Lee, Wonwoo; Jeong, Yoonseon; Park, Jong-Hyung; Lee, Chang Hyung; Yun, Nayoung; Lee, Doo Suk; Nam, In-Jeong; Kim, Jung-Dong; Yoon, Kee Dong; Son, Miwon; Kim, Sunyoung.
Afiliação
  • Lee W; R&D Center for Innovative Medicines, Helixmith Co., Ltd., Seoul 08826, Korea. wwlee@helixmith.com.
  • Jeong Y; R&D Center for Innovative Medicines, Helixmith Co., Ltd., Seoul 08826, Korea. ysjeong@helixmith.com.
  • Park JH; R&D Center for Innovative Medicines, Helixmith Co., Ltd., Seoul 08826, Korea. jhpark@helixmith.com.
  • Lee CH; R&D Center for Innovative Medicines, Helixmith Co., Ltd., Seoul 08826, Korea. chlee@helixmith.com.
  • Yun N; R&D Center for Innovative Medicines, Helixmith Co., Ltd., Seoul 08826, Korea. nyyun@helixmith.com.
  • Lee DS; R&D Center for Innovative Medicines, Helixmith Co., Ltd., Seoul 08826, Korea. dslee@helixmith.com.

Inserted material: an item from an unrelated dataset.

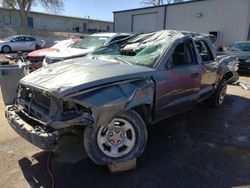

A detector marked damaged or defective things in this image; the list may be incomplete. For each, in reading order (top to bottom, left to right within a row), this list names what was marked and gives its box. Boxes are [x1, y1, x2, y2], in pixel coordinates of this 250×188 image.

crumpled hood [20, 56, 156, 97]
damaged pickup truck [4, 30, 237, 165]
damaged front bumper [5, 106, 59, 151]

  • Nam IJ; R&D Center for Innovative Medicines, Helixmith Co., Ltd., Seoul 08826, Korea. ijnam@helixmith.com.
  • Kim JD; R&D Center for Innovative Medicines, Helixmith Co., Ltd., Seoul 08826, Korea. jdkim@helixmith.com.
  • Yoon KD; College of Pharmacy, The Catholic University of Korea, Bucheon 14662, Korea. kdyoon@catholic.ac.kr.
  • Son M; R&D Center for Innovative Medicines, Helixmith Co., Ltd., Seoul 08826, Korea. mwson@helixmith.com.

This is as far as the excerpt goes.